_Problem:_ Return all the data below as it stands, minus the pictures.

_Material provided:_
********

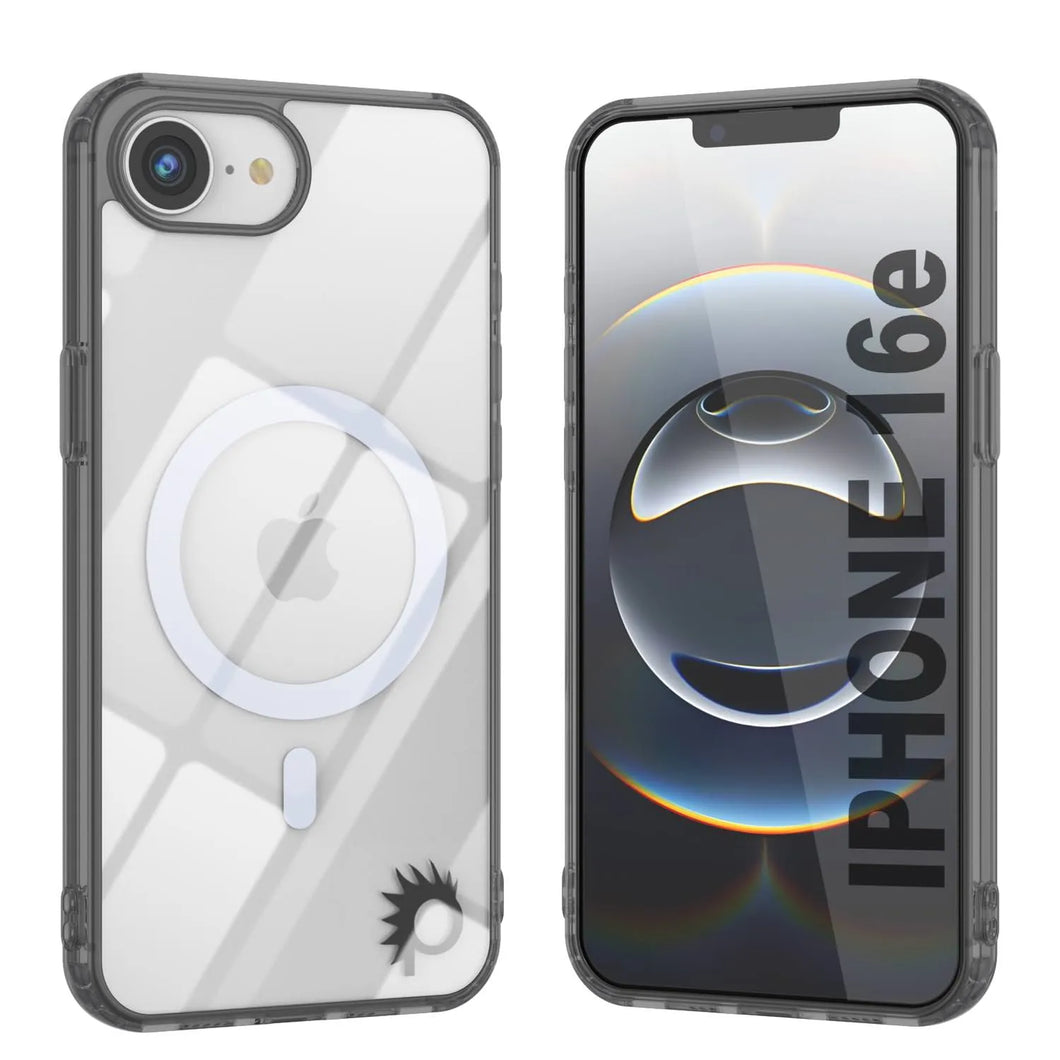 Punkcase iPhone 16E Case de carga inalámbrica magnética [Serie ClearMag] [Negro]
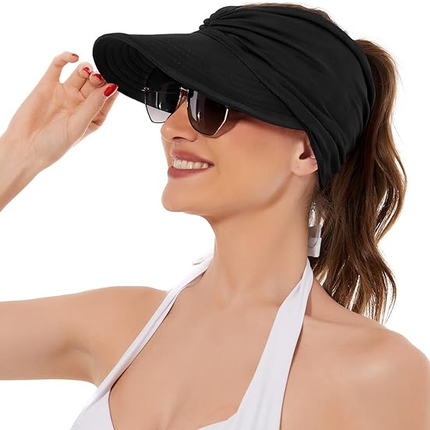 Women's UPF 50+ UV Protection Sun Visor Hat |  That Girl Aesthetic High Ponytail Wide Brim Hat | Birthday Gift for Her Beach Golf Hiking Outdoor Daily Casual WearBlack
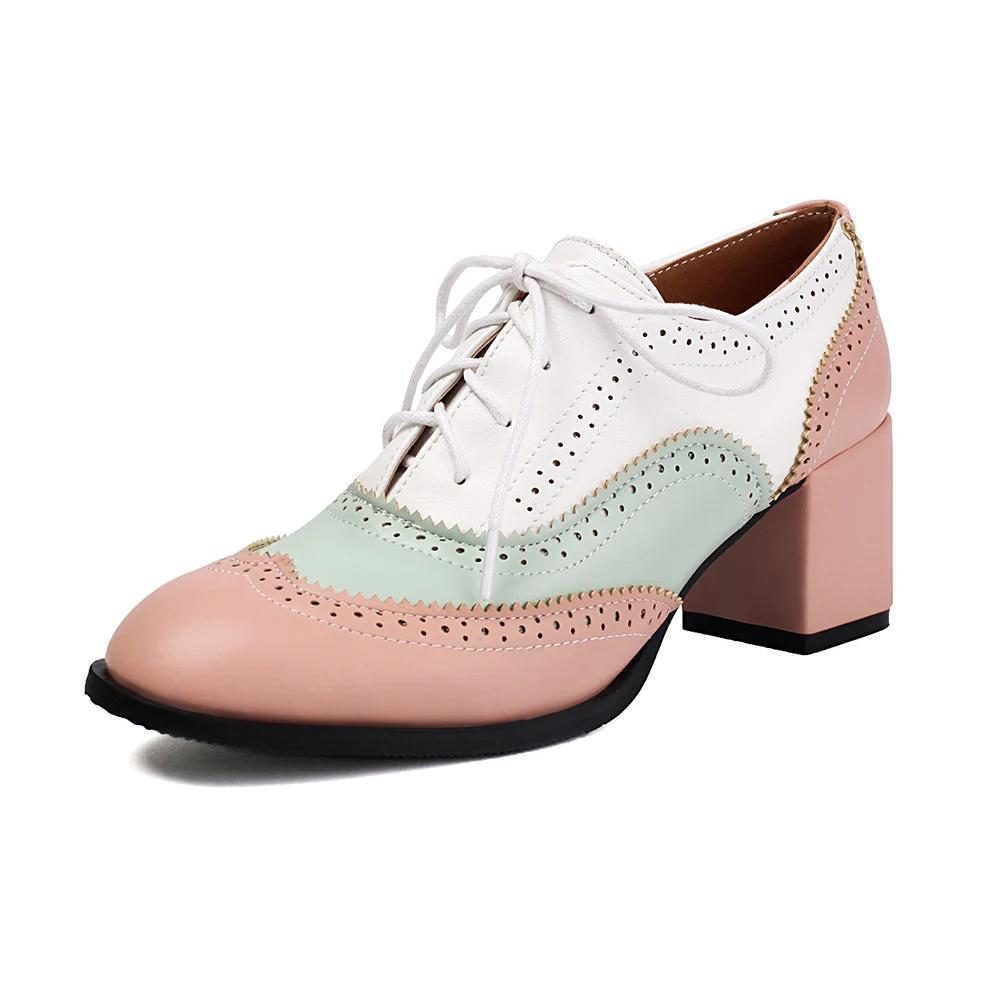 Vintage Casual Lace-up Shoes For Women Pumps Fashion Mixed Colors Women Lady PU Leather High Heels Single Shoe Big Size 34-46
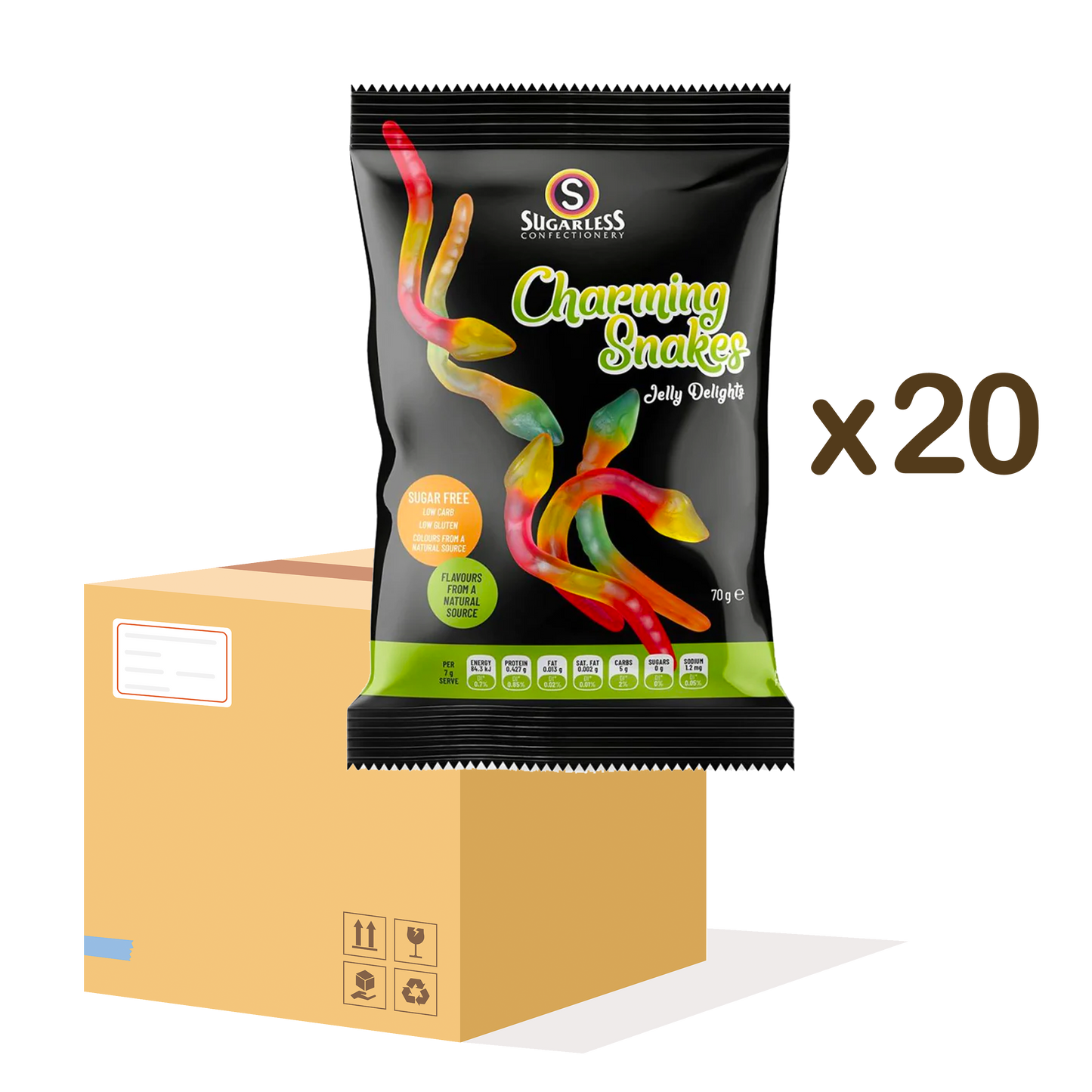 Sugarless Charming Snakes 無糖蛇仔啫哩軟糖 - 70g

********

_Answer box:_
 Punkcase iPhone 16E Case de carga inalámbrica magnética [Serie ClearMag] [Negro]
 Women's UPF 50+ UV Protection Sun Visor Hat |  That Girl Aesthetic High Ponytail Wide Brim Hat | Birthday Gift for Her Beach Golf Hiking Outdoor Daily Casual WearBlack
 Vintage Casual Lace-up Shoes For Women Pumps Fashion Mixed Colors Women Lady PU Leather High Heels Single Shoe Big Size 34-46
 Sugarless Charming Snakes 無糖蛇仔啫哩軟糖 - 70g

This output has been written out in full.